It’s a fine line to tread between linking the author’s politics and positionality to the works and overwhelming the critical reading with biographical information. Whether Ferrante identifies as progressive or conservative will inevitably have repercussions on her writing. This doesn’t mean that knowing or not who Elena Ferrante actually is must radically change the way we read her books. She has been praised for her rich, complex, and nuanced portrayal of female relationships, something sorely lacking in mainstream fiction. Had Elena Ferrante turned out to be a man, this would have been interesting insofar as it would have shown identification is possible in an unusual direction. (After all, as Junot Diaz once touched on in an interview, men are not encouraged to identify with women, seeing them rather as mysterious and alien to them, while the reverse is not true.) If Ferrante is a woman, then she continues the tradition of women writers writing spectacularly well about other women.

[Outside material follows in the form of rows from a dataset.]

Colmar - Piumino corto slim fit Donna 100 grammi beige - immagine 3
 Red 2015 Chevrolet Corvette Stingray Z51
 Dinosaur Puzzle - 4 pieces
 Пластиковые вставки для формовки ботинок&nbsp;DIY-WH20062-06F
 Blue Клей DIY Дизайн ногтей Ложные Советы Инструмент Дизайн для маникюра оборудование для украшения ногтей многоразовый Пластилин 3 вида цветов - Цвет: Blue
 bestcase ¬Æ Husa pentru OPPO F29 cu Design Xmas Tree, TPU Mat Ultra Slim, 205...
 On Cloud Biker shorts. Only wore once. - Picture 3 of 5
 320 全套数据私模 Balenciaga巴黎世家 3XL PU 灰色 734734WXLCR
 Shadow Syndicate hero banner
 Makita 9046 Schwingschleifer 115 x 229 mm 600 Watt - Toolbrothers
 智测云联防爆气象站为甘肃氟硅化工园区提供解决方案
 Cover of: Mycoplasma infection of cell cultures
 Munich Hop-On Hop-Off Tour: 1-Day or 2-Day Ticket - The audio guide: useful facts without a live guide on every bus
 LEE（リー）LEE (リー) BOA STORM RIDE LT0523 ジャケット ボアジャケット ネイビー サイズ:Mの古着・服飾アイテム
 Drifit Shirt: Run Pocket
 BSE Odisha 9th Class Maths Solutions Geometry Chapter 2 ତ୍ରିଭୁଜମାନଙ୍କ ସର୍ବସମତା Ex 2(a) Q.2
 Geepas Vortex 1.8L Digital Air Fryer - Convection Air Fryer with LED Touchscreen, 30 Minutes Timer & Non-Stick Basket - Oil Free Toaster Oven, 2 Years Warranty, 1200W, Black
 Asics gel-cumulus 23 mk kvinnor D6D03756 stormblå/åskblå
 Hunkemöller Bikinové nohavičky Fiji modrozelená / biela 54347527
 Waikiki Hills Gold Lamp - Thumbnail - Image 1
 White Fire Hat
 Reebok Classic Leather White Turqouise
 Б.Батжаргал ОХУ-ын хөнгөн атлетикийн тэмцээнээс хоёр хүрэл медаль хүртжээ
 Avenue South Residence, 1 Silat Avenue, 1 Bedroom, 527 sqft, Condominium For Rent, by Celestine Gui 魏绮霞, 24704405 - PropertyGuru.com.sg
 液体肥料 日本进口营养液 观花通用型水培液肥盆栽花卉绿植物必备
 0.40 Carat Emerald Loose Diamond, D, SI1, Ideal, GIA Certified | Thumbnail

Both lenses are interesting; if her gender remains unknown, other types of analysis can come into play.
Numerous analyses have already been published about Ferrante’s identity, and its unveiling. Many of them have woefully missed the point. In particular, some, running short of anything actually intelligent to say on the topic, have tried to frame this in terms of the dictatorship of political correctness in our contemporary culture, claiming that great imaginative writers are nowadays plagued with horrible accusations of “cultural appropriation” if they dare write outside of the bounds of their experience. This framing misses the point spectacularly, in addition to churning out the usual conservative rhetoric that refuses to understand how concepts like “political correctness” and “cultural appropriation” actually work. When Yi-Fen Chou was revealed to be a white American man who took on a Chinese-sounding penname (and a female one at that), this wasn’t an act of imagination that sought to transcend race. It was a calculated move to instrumentalize tokenism and racial dynamics in the literary world, appropriating assumed experience in order to gain fame (for what had been, as a reminder, a poem that had been rejected scores of times). In that case, the use of a pseudonym was a deceitful attempt at cashing in on a different identity, not a perfectly reasonable wish to remain out of the spotlight.
My main gripe with the whole affair is two-pronged. First, the framing of the revelation in such sexist terms. Of course Ferrante must be a woman – her novels are so sentimental. Of course Ferrante must be a man – the historical breadth of her novels is simply amazing. Second, the avoidance of a discussion centered on journalist ethics. Should the journalist who revealed Ferrante’s identity have catered to what can appear as the rather tyrannical demand for “truth” on the part of readers, at the expense of the author’s wish, especially considering the author is a woman? Was this investigative or tabloid journalism? Where does our thirst for – and, some would argue, right to – truth and a richer reading experience end, and where does the author’s preference for, and right to, anonymity begin?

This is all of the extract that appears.